(EXERCISE MATERIALS begins)
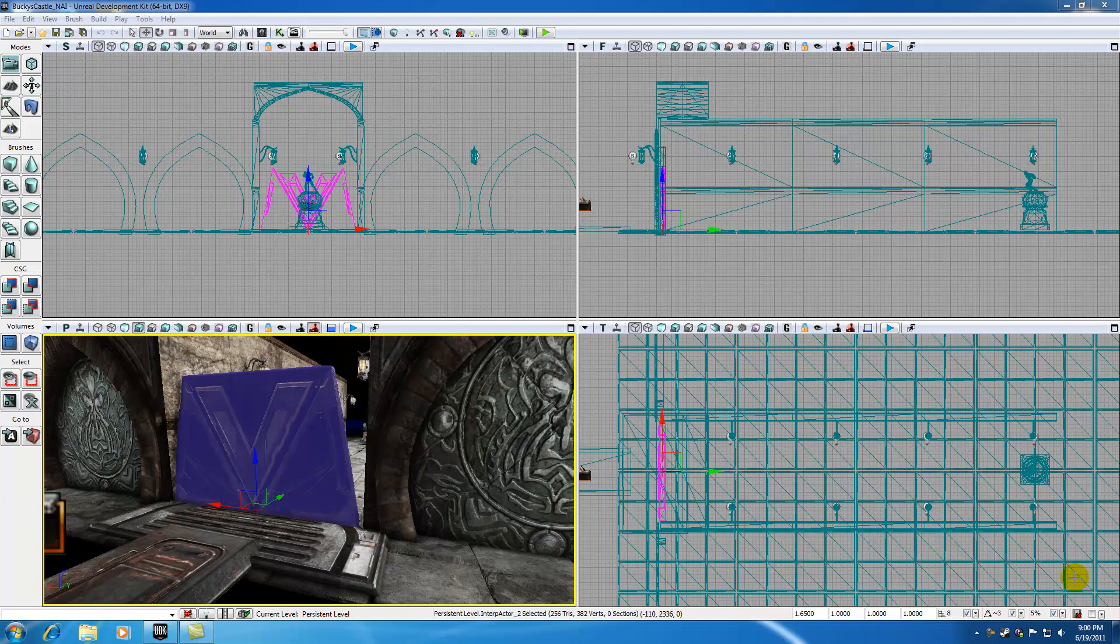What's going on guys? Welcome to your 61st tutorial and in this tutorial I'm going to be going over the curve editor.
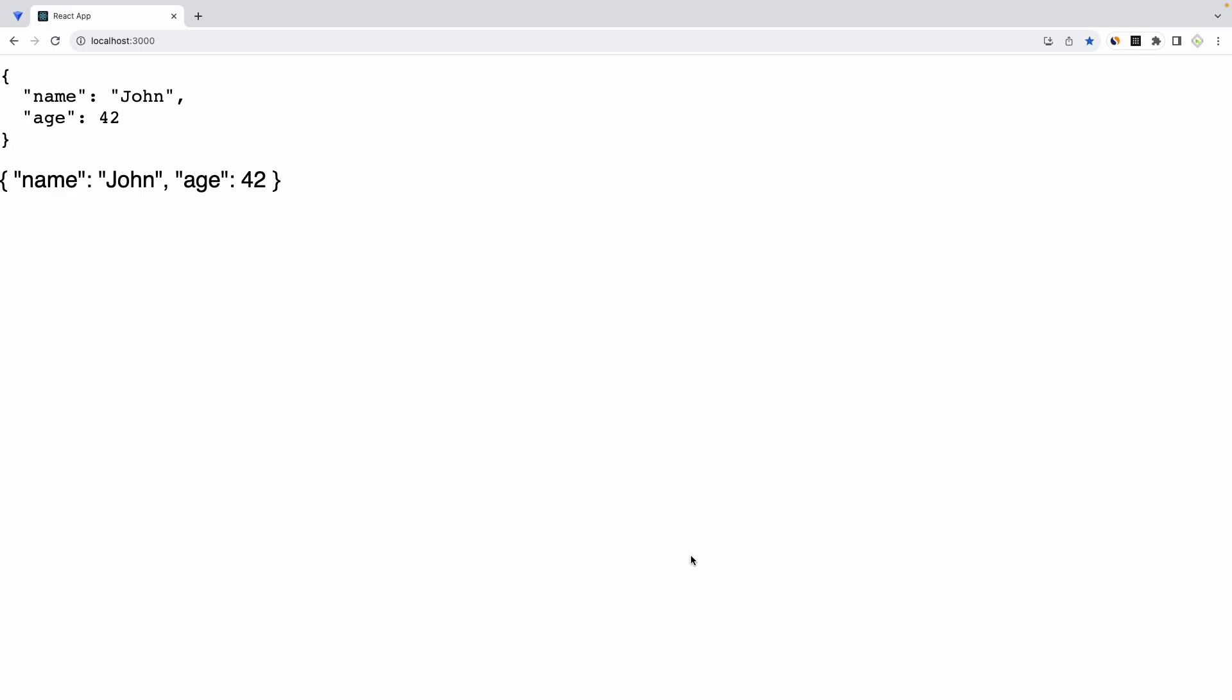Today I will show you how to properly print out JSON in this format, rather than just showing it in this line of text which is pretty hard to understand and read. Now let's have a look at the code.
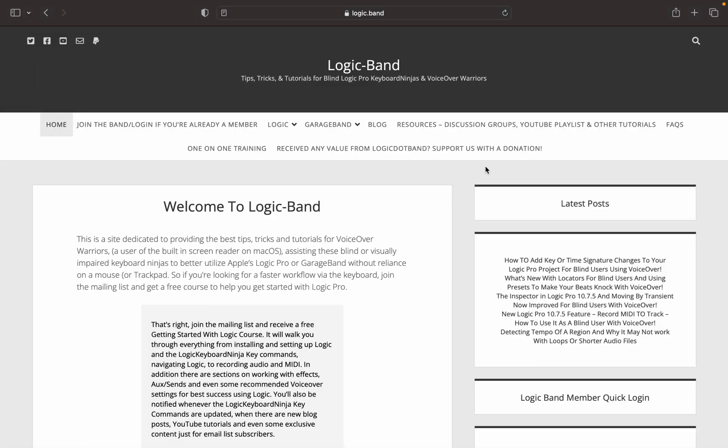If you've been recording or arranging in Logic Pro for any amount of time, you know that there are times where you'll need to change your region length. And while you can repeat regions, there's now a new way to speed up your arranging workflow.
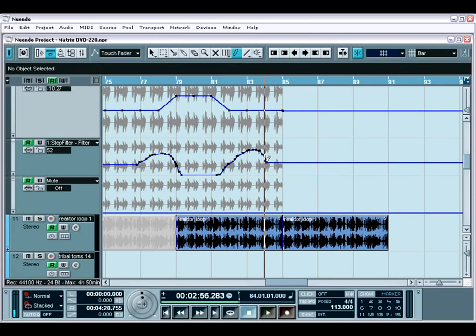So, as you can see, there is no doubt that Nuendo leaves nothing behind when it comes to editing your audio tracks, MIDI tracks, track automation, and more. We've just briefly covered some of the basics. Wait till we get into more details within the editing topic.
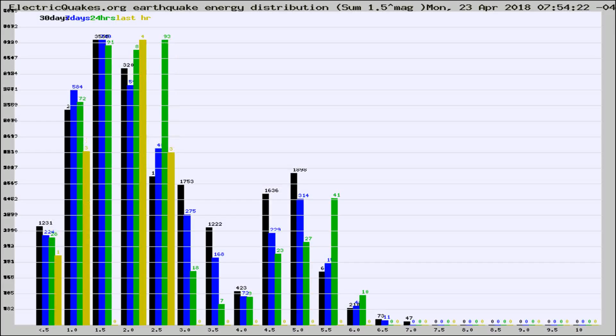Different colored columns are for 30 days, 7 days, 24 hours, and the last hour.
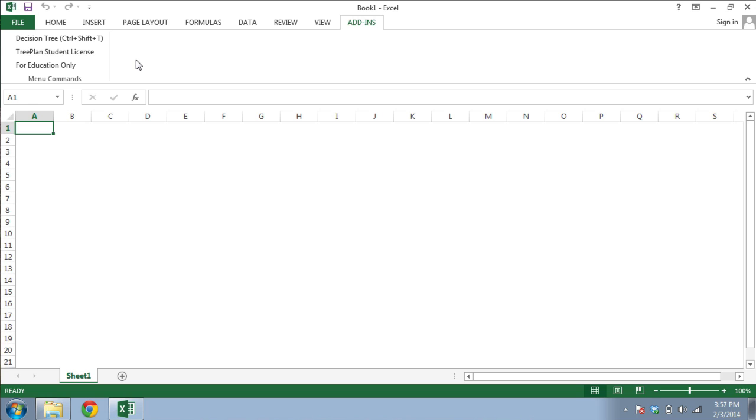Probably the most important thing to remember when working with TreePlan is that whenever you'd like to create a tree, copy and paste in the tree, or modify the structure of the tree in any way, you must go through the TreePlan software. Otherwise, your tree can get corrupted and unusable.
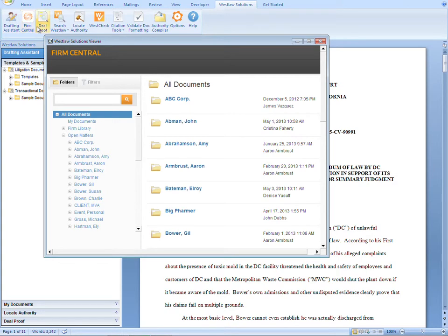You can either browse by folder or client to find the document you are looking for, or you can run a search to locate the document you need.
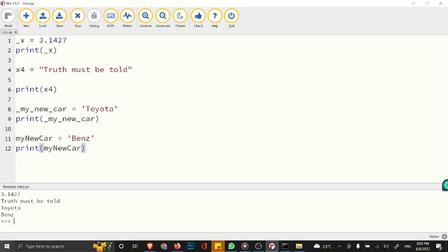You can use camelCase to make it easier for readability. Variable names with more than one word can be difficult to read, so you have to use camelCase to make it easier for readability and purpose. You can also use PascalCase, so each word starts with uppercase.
(EXERCISE MATERIALS ends)
- AIM OF THE EXERCISE: Your response must restate every record above exactly, with each picture omitted.

- RESPONSE TO THIS EXERCISE:
What's going on guys? Welcome to your 61st tutorial and in this tutorial I'm going to be going over the curve editor.
Today I will show you how to properly print out JSON in this format, rather than just showing it in this line of text which is pretty hard to understand and read. Now let's have a look at the code.
If you've been recording or arranging in Logic Pro for any amount of time, you know that there are times where you'll need to change your region length. And while you can repeat regions, there's now a new way to speed up your arranging workflow.
So, as you can see, there is no doubt that Nuendo leaves nothing behind when it comes to editing your audio tracks, MIDI tracks, track automation, and more. We've just briefly covered some of the basics. Wait till we get into more details within the editing topic.
Different colored columns are for 30 days, 7 days, 24 hours, and the last hour.
Probably the most important thing to remember when working with TreePlan is that whenever you'd like to create a tree, copy and paste in the tree, or modify the structure of the tree in any way, you must go through the TreePlan software. Otherwise, your tree can get corrupted and unusable.
You can either browse by folder or client to find the document you are looking for, or you can run a search to locate the document you need.
You can use camelCase to make it easier for readability. Variable names with more than one word can be difficult to read, so you have to use camelCase to make it easier for readability and purpose. You can also use PascalCase, so each word starts with uppercase.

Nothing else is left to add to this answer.